Scale is also crucial in a typical network that includes a wide range of EMR technology. Data policy specifies how the organization will handle ongoing transactions in a multi-stakeholder environment with multiple IT departments. An approach that attempts to “manually” reverse engineer these multiple EMR databases to extract clinical information does not scale effectively versus an approach that leverage document-based transactions from these systems.  Integration through documents -- reliance on the EMR interfaces -- is far more efficient to build and maintain over time given that the data structures of EMRs are inherently complex and evolve over time. 

And finally, flexibility in data storage and management is essential.  Legacy SQL or enterprise data warehouse (EDW) approaches typically require rigorous data typing and a complex data structure at the level of data storage. These independent networks, however, employ a wide variance of vendors and systems that are ultimately used at the point of care to generate the data and the legacy approach implies a complex process of rationalization of this variance to understand the semantics of data in the aggregate – vocabulary mapping, cross-walks, syntactical translations, data lookups plus all the detailed operational processes that generate and manage all this metadata. The challenge of legacy SQL or EDW approaches is that this work must happen BEFORE the data can be stored – or the system must employ a complex and error-prone approach that cascades updates to this normalization metadata throughout the solution.

A big data architecture to this problem takes a different approach leveraging a data lake that stores the data close to its raw form. In this architecture, the normalization metadata is applied as you pull data out of the lake. The data semantics are normalized at read versus at write which inherently accommodates the constant change and expensive operational processes associated with creation and evolution of the metadata. 

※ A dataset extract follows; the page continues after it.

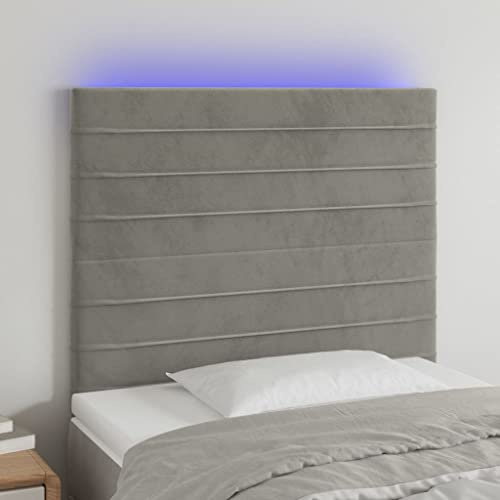 Qnhdfrt LED Kopfteil Bettkopfteil Samt Hellgrau 100x5x118/128 cm Höhenverstellbar mit RGB Beleuchtung Modernes Wandkissen für Schlafzimmer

Also, a data lake architecture is far more adept at data portability and reuse than a typical EDW that is designed to be the final destination of data. This is where data policy fits into the ideal architecture. Data is pulled out of the lake accordingly to policy rules. This data is normalized into a data mart associated with a HIPAA-based Purpose of Use and specifically designed to directly drive analytics or transfer this data into existing analytics technologies such as an EDW.

A neutral, cloud-based, multi-tenant data lake architecture that scales through interface documents and interprets data at read is the ideal architecture to accommodate the multiple stakeholders, IT infrastructures, business entities, contracts, data rights of a set of independent and competitive providers collaborating around multiple populations of overlapping patients. Legacy architecture such as EDW are useful as an enterprise-based destination of aggregate data but are insufficient when considering the multi-stakeholder networks and complex data policies of a typical CIN or set of ACOs.